Palindrome Partitioning II
Given a string s, partition s such that every substring of the partition is a palindrome.
Return the minimum cuts needed for a palindrome partitioning of s.
For example, given s = "aab",
Return 1 since the palindrome partitioning ["aa","b"] could be produced using 1 cut.
Analysis
核心:
- cut[i] 代表s的前i个字母至少需要cut多少次
- scan s,从某一个位置i的左右开始去找。当找到一个palindrome的时候,更新cut的值为前面不是palindrome的部分cut值+1,因为前面的已经算好,加上一个palindrome,多cut一次即可
- 最后返回cut[s.length]
Example: "aabbabc", return 3, aa | b | bab | c
0 1 2 3 4 5 6
a a b b a b c
-1 0 0 1 1 1 2 3
Initialize cut = [-1 0 1 2 3 4 5 6]
i=0:
odd: "a" is palindrome, update cut[1] to min(0, -1+1)

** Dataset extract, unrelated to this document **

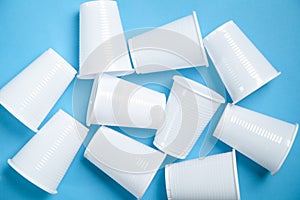 White transparent disposable plastic cups on the blue background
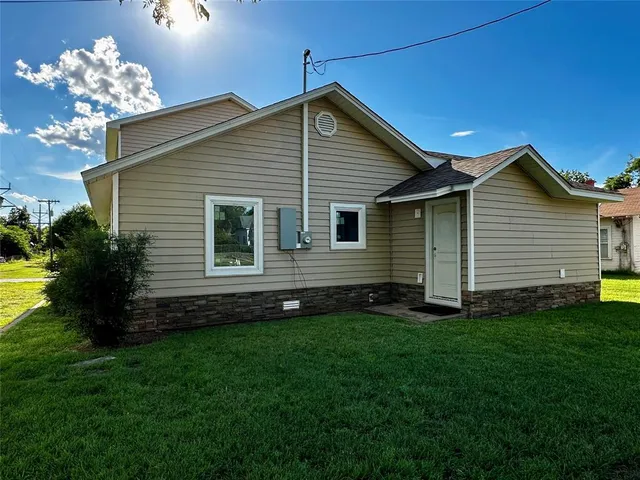 a front view of house with a garden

even: "aa" is palindrome, update cut[2] to min(1, -1+1)
cut = [-1 0 0 2 3 4 5 6]
i=1:
odd: "a" is palindrome, update cut[2] to min(0, 0+1)
even: no palindrome
cut = [-1 0 0 2 3 4 5 6]
i=2:
odd: "b" is palindrome, update cut[3] to min(2, 0+1)

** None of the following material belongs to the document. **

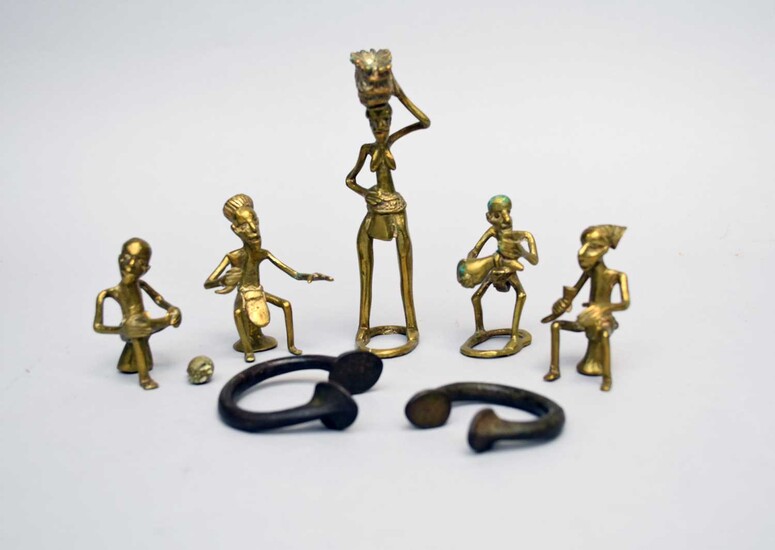 A group of West African tribal bronze figures and two currency bangles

even: "bb" is palindrome, update cut[4] to min(3, 0+1)
"abba" is palindrome, update cut[5] to min(4, 0+1)
cut = [-1 0 0 1 1 1 5 6]
i=3:
odd: "b" is palindrome, update cut[4] to min(1, 1+1)
even: no palindrome
cut = [-1 0 0 1 1 1 5 6]
i=4:
odd: "a" is palindrome, update cut[5] to min(1, 1+1)

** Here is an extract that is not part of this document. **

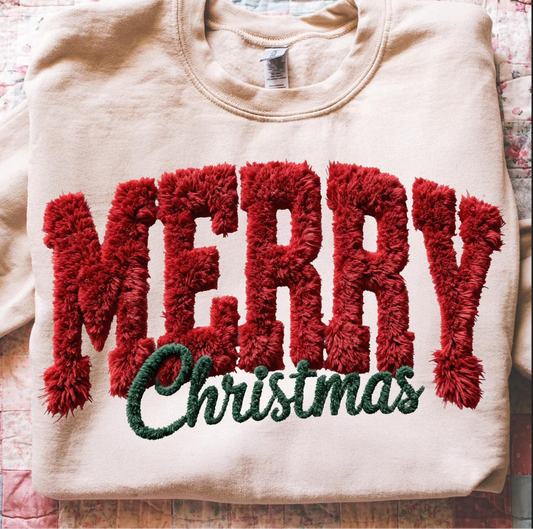 Cream sweatshirt with red “MERRY” and green “Christmas” chenille-style letters

Cozy holiday sweatshirt folded on quilted background

Textured Christmas crewneck perfect for winter season

Festive unisex sweatshirt with raised lettering design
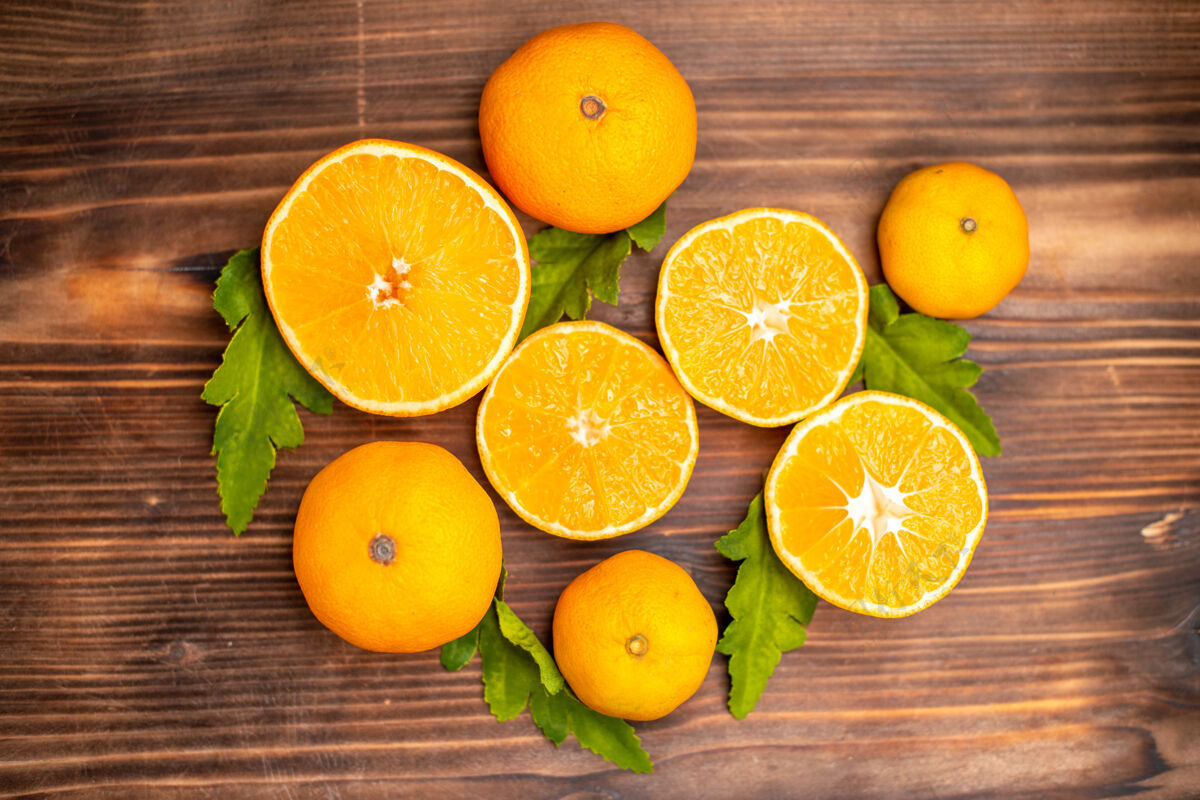 新鲜全切鲜橙子的特写镜头 叶子呈棕色背景健康鲜橙切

even: "bab" is palindrome, update cut[6] to min(5, 1+1)
cut = [-1 0 0 1 1 1 2 6]
i=5:
odd: "b" is palindrome, update cut[6] to min(2, 1+1)
even: no palindrome
cut = [-1 0 0 1 1 1 2 6]
i=6:
odd: "c" is palindrome, update cut[7] to min(6, 2+1)
even: no palindrome
cut = [-1 0 0 1 1 1 2 3]
return cut[7]=3
Code
public class Solution {
public int minCut(String s) {
if (s==null || s.length()<=1) return 0;
int len = s.length();
//cut[i]: number of cuts for the first i chars
int[] cut = new int[len+1];
//initialize with maximum possible cuts (cut to single chars)
for (int i=0; i<=len; i++) cut[i]=i-1;
for (int i=0; i<len; i++){
//odd length palindrome
for (int j=0; i-j>=0 && i+j <len && s.charAt(i-j)==s.charAt(i+j); j++){
cut[i+j+1] = Math.min(cut[i+j+1], 1+cut[i-j]);
}
//even length palindrome
for (int j=1; i-j+1>=0 && i+j <len && s.charAt(i-j+1)==s.charAt(i+j); j++){
cut[i+j+1] = Math.min(cut[i+j+1], 1+cut[i-j+1]);
}
}
return cut[len];
}
}